I'm already in love. For about $20 (shipping included) I have big cubic cubes that are perfect for rocks drinks, perfect for high balls, and really great for cracking into chunks. Best of all, they are taking my shaken drinks, which are now missing the shards I'd grown to hate, to another level.

I bought some of these before I moved and used to use them sometimes, although in my old crappy freezer they took forever to freeze, which was a drawback.

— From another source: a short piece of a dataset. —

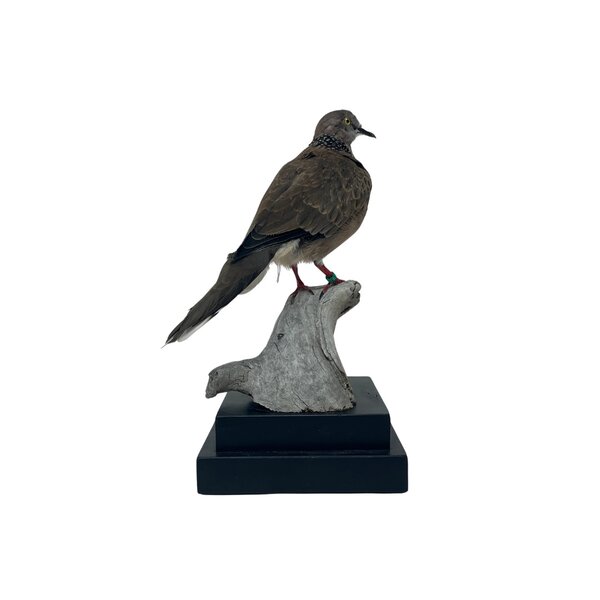 Mounted Spotted dove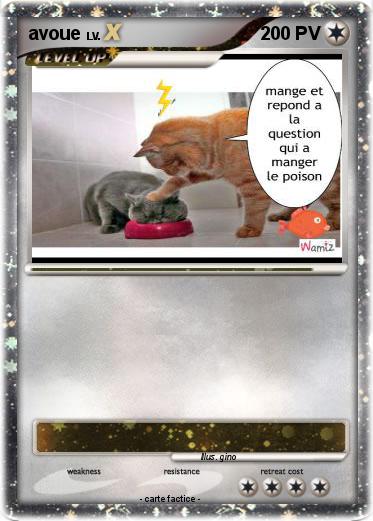 Pokemon avoue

Then I moved and now have an automatic ice maker, which actually makes pretty decent sized half-moons. I got lazy and stopped using the silicone trays. A few days ago, however, my ice maker stopped working, so I dug these out again and, like Chris, I'm in love. Not only are they a great size and shape, but they taste better -- I haven't noticed it with shaken and strained drinks, but in rocks drinks, it's pronounced. I guess the water for the ice maker sits in the tubing and develops off-flavors, which I only really noticed in their absence.

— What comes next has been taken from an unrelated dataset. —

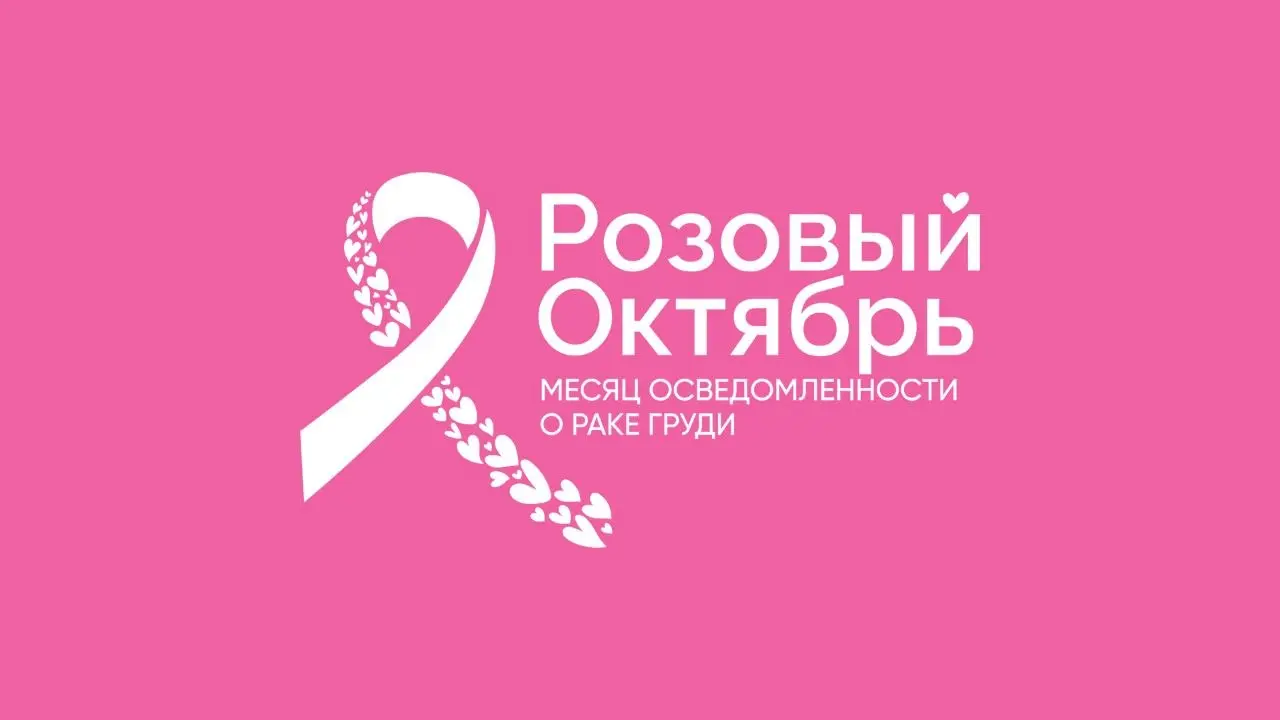 Наверное, сейчас от меня отпишется пачка людей, но в этом канале я пишу о важном для меня | Сетка — социальная сеть от hh.ru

So what to do when they come to fix the ice maker? Use the stuff from the ice maker for water baths, cooling stock and that sort of thing, and continue with the good cubes for drinks?

Posted

That's what I do: the machine moons do the dirty work of cooling things down (brines, most often, here), and I keep a steady supply of actual cubes for drinks, and not just cocktails but also any tall drink like lemonade or lime rickeys. I now have four trays -- thank you, Savers! -- and am well chuffed.

Chris Amirault

eG Ethics Signatory

Sir Luscious got gator belts and patty melts

Posted
My problem will be storage, but I'll make it work. I'm really liking the big cubes.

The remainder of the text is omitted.